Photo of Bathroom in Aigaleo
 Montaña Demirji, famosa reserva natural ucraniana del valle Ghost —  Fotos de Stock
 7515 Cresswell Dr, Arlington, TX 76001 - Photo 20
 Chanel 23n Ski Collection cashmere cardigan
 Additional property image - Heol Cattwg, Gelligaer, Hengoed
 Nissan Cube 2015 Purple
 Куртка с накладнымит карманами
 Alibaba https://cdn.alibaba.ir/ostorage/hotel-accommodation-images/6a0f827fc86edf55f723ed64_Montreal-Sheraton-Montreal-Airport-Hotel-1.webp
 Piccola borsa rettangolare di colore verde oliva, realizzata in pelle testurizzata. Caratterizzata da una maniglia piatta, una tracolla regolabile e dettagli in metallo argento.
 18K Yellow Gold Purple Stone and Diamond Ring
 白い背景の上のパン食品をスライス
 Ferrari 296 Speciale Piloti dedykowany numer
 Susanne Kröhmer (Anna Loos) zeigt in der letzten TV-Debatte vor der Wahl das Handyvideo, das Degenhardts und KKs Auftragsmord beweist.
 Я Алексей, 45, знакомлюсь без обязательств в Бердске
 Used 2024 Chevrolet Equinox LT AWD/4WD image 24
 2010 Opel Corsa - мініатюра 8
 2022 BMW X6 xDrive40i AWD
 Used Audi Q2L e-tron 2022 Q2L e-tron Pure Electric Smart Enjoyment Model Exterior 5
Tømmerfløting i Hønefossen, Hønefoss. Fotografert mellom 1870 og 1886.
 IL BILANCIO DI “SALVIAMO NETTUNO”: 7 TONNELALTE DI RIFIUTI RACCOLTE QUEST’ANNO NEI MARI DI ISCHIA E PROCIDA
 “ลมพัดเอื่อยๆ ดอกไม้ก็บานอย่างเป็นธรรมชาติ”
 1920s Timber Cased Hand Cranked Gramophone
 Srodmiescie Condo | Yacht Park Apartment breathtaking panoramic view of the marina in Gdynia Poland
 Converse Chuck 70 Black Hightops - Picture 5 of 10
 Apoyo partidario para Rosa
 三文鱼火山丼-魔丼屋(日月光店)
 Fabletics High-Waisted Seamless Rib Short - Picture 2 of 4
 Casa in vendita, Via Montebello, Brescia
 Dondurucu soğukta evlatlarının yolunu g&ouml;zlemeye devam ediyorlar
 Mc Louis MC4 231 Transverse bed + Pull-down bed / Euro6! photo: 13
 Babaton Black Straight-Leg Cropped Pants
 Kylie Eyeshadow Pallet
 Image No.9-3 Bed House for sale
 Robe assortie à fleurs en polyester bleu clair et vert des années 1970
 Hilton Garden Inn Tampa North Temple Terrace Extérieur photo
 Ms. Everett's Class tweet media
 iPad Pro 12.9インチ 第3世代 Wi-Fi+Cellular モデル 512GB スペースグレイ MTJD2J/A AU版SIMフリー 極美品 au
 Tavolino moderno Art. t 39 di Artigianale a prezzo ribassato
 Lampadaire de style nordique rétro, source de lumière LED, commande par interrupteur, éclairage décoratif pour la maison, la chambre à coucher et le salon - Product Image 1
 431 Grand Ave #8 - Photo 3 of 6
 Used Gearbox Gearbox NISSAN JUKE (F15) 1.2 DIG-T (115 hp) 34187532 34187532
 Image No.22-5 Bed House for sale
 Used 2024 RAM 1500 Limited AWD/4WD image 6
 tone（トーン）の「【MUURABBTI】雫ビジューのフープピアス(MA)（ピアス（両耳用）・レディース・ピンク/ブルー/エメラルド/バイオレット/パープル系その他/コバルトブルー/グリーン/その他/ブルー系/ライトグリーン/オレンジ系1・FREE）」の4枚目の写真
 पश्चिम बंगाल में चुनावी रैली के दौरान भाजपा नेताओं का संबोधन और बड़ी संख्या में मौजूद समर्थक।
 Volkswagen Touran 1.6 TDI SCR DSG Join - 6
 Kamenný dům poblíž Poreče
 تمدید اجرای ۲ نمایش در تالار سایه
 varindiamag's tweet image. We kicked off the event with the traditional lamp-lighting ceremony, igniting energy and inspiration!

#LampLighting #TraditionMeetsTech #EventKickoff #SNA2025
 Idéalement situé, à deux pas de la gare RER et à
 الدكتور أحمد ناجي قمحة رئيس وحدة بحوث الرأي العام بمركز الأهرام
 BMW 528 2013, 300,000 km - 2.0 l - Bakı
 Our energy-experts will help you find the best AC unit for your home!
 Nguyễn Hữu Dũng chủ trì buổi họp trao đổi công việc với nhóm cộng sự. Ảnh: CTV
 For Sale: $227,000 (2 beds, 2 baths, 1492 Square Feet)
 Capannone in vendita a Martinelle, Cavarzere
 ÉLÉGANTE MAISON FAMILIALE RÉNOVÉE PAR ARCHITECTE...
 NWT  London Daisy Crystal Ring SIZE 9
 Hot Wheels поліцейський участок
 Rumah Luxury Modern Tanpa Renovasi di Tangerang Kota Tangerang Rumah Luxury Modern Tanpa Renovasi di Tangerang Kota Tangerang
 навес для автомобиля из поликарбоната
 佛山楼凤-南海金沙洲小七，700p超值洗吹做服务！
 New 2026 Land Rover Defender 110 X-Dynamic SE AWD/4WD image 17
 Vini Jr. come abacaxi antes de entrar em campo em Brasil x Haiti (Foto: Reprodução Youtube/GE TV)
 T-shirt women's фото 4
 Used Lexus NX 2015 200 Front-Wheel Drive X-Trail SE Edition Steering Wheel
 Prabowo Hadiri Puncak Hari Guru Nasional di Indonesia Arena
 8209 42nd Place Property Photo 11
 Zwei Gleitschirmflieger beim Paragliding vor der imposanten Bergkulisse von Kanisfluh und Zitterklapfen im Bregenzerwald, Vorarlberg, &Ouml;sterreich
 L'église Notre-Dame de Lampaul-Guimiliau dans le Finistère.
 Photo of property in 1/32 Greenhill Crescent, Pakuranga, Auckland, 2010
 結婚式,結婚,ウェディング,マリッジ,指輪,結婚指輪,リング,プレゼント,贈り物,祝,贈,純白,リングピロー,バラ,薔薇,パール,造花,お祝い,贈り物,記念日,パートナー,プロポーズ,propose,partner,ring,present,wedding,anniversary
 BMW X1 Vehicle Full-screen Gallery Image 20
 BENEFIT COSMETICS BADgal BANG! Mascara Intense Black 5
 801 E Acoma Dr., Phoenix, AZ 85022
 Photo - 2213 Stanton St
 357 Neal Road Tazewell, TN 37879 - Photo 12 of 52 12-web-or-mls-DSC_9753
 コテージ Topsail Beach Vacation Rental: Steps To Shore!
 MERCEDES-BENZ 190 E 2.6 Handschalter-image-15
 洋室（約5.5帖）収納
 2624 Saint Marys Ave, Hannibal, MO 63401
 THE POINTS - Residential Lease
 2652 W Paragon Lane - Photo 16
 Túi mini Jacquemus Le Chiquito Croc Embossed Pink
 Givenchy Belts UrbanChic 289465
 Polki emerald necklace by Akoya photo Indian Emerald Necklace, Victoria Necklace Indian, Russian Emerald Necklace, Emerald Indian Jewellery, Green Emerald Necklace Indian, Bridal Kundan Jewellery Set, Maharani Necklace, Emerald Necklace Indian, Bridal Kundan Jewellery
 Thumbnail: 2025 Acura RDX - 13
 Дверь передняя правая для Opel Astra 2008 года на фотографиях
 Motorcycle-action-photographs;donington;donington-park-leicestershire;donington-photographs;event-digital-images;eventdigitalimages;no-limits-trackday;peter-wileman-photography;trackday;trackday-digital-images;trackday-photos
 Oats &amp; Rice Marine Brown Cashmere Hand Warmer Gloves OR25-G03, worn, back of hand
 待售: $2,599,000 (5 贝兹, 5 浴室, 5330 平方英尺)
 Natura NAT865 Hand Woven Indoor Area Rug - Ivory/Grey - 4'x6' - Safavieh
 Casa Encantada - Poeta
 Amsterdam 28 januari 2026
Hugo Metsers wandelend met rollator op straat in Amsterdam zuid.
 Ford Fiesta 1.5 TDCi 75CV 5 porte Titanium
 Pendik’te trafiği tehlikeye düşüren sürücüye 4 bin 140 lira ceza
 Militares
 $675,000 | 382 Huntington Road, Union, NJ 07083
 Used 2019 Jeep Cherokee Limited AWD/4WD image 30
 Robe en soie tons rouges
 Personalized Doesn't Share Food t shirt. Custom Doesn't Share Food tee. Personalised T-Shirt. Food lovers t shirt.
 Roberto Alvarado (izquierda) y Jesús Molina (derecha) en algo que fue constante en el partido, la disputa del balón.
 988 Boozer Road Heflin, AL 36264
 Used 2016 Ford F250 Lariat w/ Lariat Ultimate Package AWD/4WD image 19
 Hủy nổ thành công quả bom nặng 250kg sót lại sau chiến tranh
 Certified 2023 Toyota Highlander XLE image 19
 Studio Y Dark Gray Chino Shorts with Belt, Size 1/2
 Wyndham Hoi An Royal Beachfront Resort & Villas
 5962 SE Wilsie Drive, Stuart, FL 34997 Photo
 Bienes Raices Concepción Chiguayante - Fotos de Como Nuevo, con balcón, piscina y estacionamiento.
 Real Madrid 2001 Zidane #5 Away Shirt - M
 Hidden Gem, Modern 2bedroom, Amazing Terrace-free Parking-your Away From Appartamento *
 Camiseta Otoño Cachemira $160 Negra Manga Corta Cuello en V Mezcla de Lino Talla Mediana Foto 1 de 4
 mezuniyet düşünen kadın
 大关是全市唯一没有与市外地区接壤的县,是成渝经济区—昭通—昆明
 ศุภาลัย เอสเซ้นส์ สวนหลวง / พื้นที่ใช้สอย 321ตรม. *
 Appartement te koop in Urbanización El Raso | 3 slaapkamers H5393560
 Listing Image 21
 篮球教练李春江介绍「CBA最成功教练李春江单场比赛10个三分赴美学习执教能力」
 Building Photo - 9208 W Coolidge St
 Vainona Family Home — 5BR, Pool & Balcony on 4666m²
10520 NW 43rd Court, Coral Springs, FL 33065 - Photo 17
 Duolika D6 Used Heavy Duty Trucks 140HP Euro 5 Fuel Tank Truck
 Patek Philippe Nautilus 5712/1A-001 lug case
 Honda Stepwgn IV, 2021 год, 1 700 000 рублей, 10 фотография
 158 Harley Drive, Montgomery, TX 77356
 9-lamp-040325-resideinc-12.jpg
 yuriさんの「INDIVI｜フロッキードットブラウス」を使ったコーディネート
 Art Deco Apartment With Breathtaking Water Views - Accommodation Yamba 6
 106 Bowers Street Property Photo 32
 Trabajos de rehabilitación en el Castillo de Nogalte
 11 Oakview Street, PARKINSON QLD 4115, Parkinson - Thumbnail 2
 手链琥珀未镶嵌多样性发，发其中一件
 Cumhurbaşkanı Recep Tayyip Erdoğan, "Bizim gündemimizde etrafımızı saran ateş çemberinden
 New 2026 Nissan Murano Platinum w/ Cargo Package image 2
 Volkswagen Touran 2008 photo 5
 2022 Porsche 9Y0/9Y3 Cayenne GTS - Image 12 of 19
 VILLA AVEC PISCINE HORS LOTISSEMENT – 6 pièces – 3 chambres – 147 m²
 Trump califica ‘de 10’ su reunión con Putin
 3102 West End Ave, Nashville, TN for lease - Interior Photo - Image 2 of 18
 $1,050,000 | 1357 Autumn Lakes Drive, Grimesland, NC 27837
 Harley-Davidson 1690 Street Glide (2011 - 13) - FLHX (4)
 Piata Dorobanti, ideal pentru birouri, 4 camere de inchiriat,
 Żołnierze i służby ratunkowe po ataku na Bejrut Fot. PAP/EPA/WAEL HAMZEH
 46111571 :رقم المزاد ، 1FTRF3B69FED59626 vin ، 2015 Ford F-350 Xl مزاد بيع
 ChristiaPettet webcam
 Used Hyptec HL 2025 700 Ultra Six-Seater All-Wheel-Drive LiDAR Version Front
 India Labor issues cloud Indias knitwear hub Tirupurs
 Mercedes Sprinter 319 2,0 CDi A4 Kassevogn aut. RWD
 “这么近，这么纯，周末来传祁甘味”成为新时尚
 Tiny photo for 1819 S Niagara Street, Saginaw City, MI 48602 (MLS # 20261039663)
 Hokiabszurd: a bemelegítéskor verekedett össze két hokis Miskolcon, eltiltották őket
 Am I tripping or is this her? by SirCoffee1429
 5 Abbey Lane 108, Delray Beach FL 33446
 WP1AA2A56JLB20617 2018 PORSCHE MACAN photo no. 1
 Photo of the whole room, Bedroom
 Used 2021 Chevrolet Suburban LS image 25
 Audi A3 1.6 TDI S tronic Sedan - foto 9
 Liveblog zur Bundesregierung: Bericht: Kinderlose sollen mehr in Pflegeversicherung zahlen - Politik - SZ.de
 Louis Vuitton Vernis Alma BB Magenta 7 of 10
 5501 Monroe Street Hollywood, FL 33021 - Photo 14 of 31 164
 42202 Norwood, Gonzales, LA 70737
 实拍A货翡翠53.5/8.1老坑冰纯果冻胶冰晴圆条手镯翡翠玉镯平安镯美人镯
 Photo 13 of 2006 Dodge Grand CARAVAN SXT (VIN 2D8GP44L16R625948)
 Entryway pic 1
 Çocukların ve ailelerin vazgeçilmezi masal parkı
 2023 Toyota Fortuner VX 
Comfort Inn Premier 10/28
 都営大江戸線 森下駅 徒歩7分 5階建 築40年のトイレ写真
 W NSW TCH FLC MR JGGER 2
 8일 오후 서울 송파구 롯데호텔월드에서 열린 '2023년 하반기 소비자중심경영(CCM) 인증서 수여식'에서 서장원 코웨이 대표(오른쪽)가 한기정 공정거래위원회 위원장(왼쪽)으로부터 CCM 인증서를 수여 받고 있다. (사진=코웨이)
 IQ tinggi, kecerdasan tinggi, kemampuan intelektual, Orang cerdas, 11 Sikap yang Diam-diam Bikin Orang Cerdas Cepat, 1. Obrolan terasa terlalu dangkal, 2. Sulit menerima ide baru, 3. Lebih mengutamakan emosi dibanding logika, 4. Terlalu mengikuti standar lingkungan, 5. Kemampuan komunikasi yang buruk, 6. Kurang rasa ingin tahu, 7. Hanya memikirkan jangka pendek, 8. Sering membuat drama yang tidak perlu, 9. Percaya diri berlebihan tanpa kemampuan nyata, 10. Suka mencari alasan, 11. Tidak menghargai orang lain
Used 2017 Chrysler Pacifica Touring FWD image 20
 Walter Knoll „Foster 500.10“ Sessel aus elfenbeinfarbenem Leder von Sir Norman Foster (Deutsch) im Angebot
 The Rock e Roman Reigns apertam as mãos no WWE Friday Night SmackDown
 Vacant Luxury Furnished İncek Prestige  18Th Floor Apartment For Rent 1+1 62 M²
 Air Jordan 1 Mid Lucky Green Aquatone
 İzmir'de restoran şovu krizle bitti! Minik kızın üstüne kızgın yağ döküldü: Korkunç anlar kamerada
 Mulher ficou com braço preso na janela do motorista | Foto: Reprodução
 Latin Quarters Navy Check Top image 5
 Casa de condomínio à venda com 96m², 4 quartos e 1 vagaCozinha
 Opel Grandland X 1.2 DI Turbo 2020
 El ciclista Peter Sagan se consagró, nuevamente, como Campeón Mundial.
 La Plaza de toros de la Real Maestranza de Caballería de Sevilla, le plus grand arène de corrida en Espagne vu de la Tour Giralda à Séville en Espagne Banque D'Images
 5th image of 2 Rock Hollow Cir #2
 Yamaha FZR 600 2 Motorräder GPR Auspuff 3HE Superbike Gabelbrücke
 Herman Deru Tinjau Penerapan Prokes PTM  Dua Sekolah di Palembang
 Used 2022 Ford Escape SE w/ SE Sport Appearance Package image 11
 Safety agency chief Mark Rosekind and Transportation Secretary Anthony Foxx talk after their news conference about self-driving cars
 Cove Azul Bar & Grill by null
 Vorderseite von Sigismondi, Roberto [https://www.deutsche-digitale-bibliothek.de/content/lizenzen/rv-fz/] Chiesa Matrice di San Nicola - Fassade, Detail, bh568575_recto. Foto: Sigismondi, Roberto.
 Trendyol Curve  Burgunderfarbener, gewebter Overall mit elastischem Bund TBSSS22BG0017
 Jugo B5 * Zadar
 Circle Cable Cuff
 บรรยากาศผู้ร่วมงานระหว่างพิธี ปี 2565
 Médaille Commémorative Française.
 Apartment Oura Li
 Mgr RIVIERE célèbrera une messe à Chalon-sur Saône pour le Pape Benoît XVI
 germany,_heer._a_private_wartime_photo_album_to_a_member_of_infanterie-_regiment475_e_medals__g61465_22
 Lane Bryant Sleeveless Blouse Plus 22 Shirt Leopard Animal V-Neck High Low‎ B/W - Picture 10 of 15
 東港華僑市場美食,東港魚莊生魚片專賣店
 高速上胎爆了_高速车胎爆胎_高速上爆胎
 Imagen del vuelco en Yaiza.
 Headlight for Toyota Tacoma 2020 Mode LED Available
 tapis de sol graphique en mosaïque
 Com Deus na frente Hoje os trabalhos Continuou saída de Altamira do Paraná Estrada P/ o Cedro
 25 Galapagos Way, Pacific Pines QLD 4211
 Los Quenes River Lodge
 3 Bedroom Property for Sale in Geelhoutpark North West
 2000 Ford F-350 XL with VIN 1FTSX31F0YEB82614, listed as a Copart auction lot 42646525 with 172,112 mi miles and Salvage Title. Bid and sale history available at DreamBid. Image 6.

> _Task to carry out_: Reproduce exactly the entries above, limited to the lines from the one with "5501 Monroe Street" through the one with "5th image of 2 Rock Hollow Cir #2", both included.

> _Written reply_:
 5501 Monroe Street Hollywood, FL 33021 - Photo 14 of 31 164
 42202 Norwood, Gonzales, LA 70737
 实拍A货翡翠53.5/8.1老坑冰纯果冻胶冰晴圆条手镯翡翠玉镯平安镯美人镯
 Photo 13 of 2006 Dodge Grand CARAVAN SXT (VIN 2D8GP44L16R625948)
 Entryway pic 1
 Çocukların ve ailelerin vazgeçilmezi masal parkı
 2023 Toyota Fortuner VX 
Comfort Inn Premier 10/28
 都営大江戸線 森下駅 徒歩7分 5階建 築40年のトイレ写真
 W NSW TCH FLC MR JGGER 2
 8일 오후 서울 송파구 롯데호텔월드에서 열린 '2023년 하반기 소비자중심경영(CCM) 인증서 수여식'에서 서장원 코웨이 대표(오른쪽)가 한기정 공정거래위원회 위원장(왼쪽)으로부터 CCM 인증서를 수여 받고 있다. (사진=코웨이)
 IQ tinggi, kecerdasan tinggi, kemampuan intelektual, Orang cerdas, 11 Sikap yang Diam-diam Bikin Orang Cerdas Cepat, 1. Obrolan terasa terlalu dangkal, 2. Sulit menerima ide baru, 3. Lebih mengutamakan emosi dibanding logika, 4. Terlalu mengikuti standar lingkungan, 5. Kemampuan komunikasi yang buruk, 6. Kurang rasa ingin tahu, 7. Hanya memikirkan jangka pendek, 8. Sering membuat drama yang tidak perlu, 9. Percaya diri berlebihan tanpa kemampuan nyata, 10. Suka mencari alasan, 11. Tidak menghargai orang lain
Used 2017 Chrysler Pacifica Touring FWD image 20
 Walter Knoll „Foster 500.10“ Sessel aus elfenbeinfarbenem Leder von Sir Norman Foster (Deutsch) im Angebot
 The Rock e Roman Reigns apertam as mãos no WWE Friday Night SmackDown
 Vacant Luxury Furnished İncek Prestige  18Th Floor Apartment For Rent 1+1 62 M²
 Air Jordan 1 Mid Lucky Green Aquatone
 İzmir'de restoran şovu krizle bitti! Minik kızın üstüne kızgın yağ döküldü: Korkunç anlar kamerada
 Mulher ficou com braço preso na janela do motorista | Foto: Reprodução
 Latin Quarters Navy Check Top image 5
 Casa de condomínio à venda com 96m², 4 quartos e 1 vagaCozinha
 Opel Grandland X 1.2 DI Turbo 2020
 El ciclista Peter Sagan se consagró, nuevamente, como Campeón Mundial.
 La Plaza de toros de la Real Maestranza de Caballería de Sevilla, le plus grand arène de corrida en Espagne vu de la Tour Giralda à Séville en Espagne Banque D'Images
 5th image of 2 Rock Hollow Cir #2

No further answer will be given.